Now for Cornell. Things here are different in two ways. First, while its agreement is not good, it is nowhere near as bad as Columbia’s or Northwestern’s. Unlike their deals, there are no terms in Cornell’s that significantly compromise the academic freedom of the university’s affiliates or the university’s own institutional autonomy. My colleague Nate Foster and our local AAUP chapter have published thoughtful critiques of the Cornell agreement. I agree with their criticisms of the provisions on admissions data, campus climate surveys, and providing tendentious training materials to faculty and staff.

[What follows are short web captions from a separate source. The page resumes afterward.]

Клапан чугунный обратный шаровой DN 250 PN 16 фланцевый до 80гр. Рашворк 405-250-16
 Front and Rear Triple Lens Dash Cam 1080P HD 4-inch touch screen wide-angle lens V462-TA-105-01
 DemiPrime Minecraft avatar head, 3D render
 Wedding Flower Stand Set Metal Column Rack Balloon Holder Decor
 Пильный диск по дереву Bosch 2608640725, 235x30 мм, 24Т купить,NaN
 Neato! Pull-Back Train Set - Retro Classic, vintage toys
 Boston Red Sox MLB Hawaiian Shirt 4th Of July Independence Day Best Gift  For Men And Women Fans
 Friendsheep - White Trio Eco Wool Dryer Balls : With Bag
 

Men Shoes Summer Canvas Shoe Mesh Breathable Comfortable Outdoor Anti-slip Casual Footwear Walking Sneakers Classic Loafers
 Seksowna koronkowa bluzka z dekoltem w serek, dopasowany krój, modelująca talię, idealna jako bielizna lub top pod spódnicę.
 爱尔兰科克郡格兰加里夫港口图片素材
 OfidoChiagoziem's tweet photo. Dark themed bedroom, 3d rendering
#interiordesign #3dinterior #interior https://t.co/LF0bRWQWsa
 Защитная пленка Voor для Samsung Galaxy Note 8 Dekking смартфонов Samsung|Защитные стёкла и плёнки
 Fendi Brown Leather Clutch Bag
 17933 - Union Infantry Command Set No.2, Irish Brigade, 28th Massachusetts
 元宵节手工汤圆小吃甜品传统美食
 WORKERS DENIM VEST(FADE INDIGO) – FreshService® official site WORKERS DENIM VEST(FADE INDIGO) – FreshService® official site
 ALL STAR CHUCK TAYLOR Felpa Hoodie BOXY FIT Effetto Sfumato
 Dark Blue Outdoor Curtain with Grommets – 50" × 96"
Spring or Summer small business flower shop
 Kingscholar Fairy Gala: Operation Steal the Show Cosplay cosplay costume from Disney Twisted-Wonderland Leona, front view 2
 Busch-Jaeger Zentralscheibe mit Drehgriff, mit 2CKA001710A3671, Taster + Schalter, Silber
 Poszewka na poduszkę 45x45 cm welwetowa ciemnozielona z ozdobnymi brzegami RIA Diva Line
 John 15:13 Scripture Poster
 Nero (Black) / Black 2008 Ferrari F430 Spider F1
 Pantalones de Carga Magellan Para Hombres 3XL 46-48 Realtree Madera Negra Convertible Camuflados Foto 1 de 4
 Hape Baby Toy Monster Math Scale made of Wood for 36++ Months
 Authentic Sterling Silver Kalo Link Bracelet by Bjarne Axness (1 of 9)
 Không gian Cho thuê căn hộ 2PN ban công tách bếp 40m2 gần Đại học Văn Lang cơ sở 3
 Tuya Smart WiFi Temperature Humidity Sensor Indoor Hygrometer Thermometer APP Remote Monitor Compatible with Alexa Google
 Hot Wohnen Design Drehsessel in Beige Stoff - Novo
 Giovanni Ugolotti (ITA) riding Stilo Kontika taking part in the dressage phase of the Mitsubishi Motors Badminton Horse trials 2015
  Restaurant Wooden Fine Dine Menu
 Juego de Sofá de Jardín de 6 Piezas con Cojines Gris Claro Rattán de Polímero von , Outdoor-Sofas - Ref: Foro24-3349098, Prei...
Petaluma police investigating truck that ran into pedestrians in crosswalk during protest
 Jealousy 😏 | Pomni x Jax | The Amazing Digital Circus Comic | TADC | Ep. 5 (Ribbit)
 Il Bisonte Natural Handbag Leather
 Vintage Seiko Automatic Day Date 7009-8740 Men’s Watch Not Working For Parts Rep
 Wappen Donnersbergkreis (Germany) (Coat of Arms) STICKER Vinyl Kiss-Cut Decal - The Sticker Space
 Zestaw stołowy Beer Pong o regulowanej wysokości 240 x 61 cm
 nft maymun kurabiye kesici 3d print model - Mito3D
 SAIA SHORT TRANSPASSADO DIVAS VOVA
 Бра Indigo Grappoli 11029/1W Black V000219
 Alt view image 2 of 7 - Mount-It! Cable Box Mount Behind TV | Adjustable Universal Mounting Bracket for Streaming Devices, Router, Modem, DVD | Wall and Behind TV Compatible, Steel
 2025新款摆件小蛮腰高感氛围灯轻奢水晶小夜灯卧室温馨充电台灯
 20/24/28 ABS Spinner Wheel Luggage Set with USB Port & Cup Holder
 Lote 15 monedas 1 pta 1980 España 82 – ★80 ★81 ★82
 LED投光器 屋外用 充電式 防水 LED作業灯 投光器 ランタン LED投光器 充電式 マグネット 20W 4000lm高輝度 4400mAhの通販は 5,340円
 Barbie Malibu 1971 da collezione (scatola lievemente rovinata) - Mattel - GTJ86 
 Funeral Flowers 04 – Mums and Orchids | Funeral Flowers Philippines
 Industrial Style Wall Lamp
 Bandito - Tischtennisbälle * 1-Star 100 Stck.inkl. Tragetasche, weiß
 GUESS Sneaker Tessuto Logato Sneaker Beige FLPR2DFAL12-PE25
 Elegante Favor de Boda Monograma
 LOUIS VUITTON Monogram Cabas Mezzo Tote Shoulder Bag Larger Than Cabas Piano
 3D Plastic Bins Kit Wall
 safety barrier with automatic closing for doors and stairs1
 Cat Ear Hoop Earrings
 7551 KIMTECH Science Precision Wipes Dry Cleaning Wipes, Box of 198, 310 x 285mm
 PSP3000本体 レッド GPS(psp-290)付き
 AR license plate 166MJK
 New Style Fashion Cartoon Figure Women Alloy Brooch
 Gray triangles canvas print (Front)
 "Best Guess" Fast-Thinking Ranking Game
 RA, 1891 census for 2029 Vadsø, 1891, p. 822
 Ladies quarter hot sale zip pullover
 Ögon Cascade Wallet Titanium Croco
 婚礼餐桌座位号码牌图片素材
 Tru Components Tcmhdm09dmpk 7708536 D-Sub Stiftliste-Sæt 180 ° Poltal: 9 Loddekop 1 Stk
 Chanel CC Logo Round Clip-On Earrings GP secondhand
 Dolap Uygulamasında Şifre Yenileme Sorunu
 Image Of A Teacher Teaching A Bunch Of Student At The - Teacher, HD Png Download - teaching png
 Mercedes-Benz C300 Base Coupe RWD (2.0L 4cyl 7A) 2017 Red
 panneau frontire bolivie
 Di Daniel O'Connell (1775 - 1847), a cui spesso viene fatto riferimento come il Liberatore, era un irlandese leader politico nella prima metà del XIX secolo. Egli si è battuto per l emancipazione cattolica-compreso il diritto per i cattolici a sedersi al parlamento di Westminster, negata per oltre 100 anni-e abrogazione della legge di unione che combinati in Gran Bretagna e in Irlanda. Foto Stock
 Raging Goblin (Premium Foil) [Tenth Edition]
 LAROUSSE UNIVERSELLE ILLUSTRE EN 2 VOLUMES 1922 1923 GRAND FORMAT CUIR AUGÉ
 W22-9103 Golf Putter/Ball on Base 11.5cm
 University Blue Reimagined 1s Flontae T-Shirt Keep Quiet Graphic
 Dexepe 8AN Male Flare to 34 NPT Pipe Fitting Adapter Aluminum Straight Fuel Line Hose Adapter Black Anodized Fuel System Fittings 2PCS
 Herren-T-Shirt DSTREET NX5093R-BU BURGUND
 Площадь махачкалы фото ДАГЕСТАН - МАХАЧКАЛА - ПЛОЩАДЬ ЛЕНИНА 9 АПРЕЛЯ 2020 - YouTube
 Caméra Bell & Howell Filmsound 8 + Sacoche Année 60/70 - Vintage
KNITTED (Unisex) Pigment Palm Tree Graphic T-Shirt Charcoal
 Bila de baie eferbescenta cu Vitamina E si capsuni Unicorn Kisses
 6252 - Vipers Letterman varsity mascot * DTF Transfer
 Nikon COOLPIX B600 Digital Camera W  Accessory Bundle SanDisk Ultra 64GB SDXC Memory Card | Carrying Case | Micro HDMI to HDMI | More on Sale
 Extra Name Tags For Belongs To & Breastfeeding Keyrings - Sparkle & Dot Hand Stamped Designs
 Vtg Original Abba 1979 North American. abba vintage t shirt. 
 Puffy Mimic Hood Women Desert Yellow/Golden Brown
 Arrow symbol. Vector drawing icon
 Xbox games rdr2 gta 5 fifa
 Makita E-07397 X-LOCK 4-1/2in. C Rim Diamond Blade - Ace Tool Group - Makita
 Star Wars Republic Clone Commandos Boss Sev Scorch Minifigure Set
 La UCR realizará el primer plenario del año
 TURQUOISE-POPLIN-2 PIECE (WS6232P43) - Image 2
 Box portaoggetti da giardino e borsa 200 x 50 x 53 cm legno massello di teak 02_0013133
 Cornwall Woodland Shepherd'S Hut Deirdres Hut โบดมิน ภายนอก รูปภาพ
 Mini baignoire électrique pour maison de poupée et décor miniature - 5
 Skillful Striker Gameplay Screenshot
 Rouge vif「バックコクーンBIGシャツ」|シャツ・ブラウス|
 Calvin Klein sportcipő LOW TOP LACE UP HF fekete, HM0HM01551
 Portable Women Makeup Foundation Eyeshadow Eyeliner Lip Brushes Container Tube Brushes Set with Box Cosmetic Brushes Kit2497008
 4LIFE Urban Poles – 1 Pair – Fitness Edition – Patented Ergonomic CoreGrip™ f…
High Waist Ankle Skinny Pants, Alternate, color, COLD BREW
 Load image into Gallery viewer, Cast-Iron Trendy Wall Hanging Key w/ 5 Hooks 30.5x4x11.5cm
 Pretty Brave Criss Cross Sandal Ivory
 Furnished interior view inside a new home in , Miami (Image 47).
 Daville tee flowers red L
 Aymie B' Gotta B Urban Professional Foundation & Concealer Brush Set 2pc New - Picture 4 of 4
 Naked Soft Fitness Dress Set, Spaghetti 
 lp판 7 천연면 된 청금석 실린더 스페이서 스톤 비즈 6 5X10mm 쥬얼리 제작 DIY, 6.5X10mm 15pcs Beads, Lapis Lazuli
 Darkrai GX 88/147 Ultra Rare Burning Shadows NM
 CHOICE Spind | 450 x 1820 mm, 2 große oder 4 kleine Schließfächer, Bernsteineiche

But I think that while these terms are harmful and ill-advised, none of them cut to the heart of what it means to be a university.
The worst terms in the Cornell agreement are the financial ones. Cornell will pay $30 million to the federal government over three years. This is straight-up protection money, and paying it is shameful. Cornell has also pledged to spend $30 million on programs that combine agriculture with AI and robotics. Although the money will be spent on potentially worthwhile research, this particular cause is serving as such an obvious fig leaf that in a way it is even more embarassing. This said, I have seen universities lose far larger sums in even more pathetic ways. I don’t feel that mishandling money like this requires me or others to avoid performing academic service for Cornell. (Donors, however, might rightly question whether they should be supporting a university that squanders its money on bribes to a bullying government.)
The other relevant difference for Cornell is that I work here. My labor is not a gift that I gave freely and can freely suspend. I negotiated the terms under which I provide my labor to the university. Among those terms is that they pay me. The roof over my head and the food on my table are not trifles. For my part, I’ve promised to teach my courses, advise my students, perform my research, serve on commitees, and do the million other things that make up the job of a professor.
There’s something else to this, too. I’m a member of a community here, one with tighter bonds and greater commitments than the general worldwide community of scholars. I have obligations. My students are counting on me. My advisees are counting on me. My colleagues are counting on me. I know the names of the people who’ll be left in the lurch if I don’t show up to class. They signed up to take my course, with me. My first responsibility is to them, because, again, this is what it means to work at a university.
This is not to say that I feel obliged to support Cornell no matter what. There is no institution in the world that you should support no matter what. Rather, as I said last time, universities exist to promote the discovery, preservation, and transmission of knowledge, and upholding that value means different things depending on one’s relationship to the university in question. I can certainly imagine that Cornell could do things so repugnant that I would feel obliged to resign—but the bar is much higher when it comes to one’s own university.